» **RECORDS FOR THIS TASK**:
-*-*-
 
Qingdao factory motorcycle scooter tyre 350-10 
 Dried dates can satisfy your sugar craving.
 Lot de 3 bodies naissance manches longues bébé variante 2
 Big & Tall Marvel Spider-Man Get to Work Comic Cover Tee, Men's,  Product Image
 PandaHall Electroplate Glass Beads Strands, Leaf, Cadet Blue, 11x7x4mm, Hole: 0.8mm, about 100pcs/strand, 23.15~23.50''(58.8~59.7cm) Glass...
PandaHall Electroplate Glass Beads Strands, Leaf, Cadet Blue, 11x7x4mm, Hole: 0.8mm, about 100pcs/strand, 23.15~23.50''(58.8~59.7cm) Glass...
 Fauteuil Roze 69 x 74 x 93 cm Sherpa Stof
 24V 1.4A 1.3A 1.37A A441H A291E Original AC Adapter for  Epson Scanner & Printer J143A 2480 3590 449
-*-*-
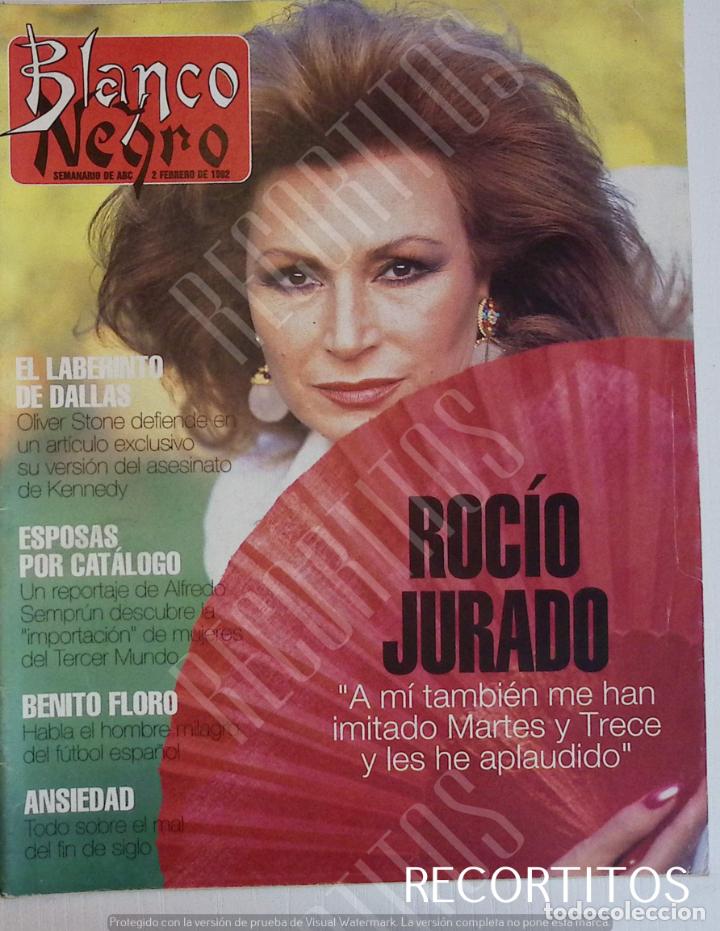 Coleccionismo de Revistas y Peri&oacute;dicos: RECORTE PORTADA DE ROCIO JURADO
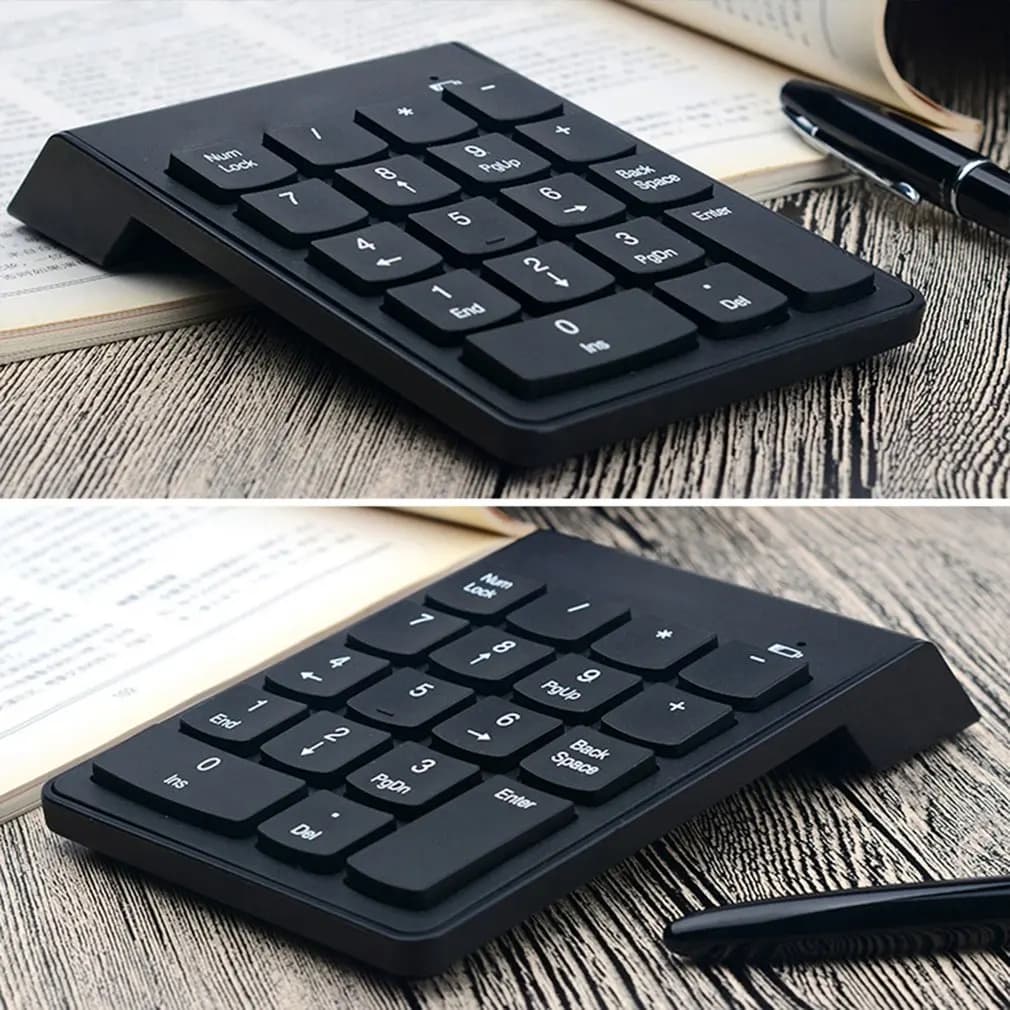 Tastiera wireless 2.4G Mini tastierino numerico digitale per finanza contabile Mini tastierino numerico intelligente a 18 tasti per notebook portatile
-*-*-
» **WORK REQUEST**: Copy each line of the data that contains the word "Leaf", leaving the other lines out.

» **RESULT BELOW**:
 PandaHall Electroplate Glass Beads Strands, Leaf, Cadet Blue, 11x7x4mm, Hole: 0.8mm, about 100pcs/strand, 23.15~23.50''(58.8~59.7cm) Glass...
PandaHall Electroplate Glass Beads Strands, Leaf, Cadet Blue, 11x7x4mm, Hole: 0.8mm, about 100pcs/strand, 23.15~23.50''(58.8~59.7cm) Glass...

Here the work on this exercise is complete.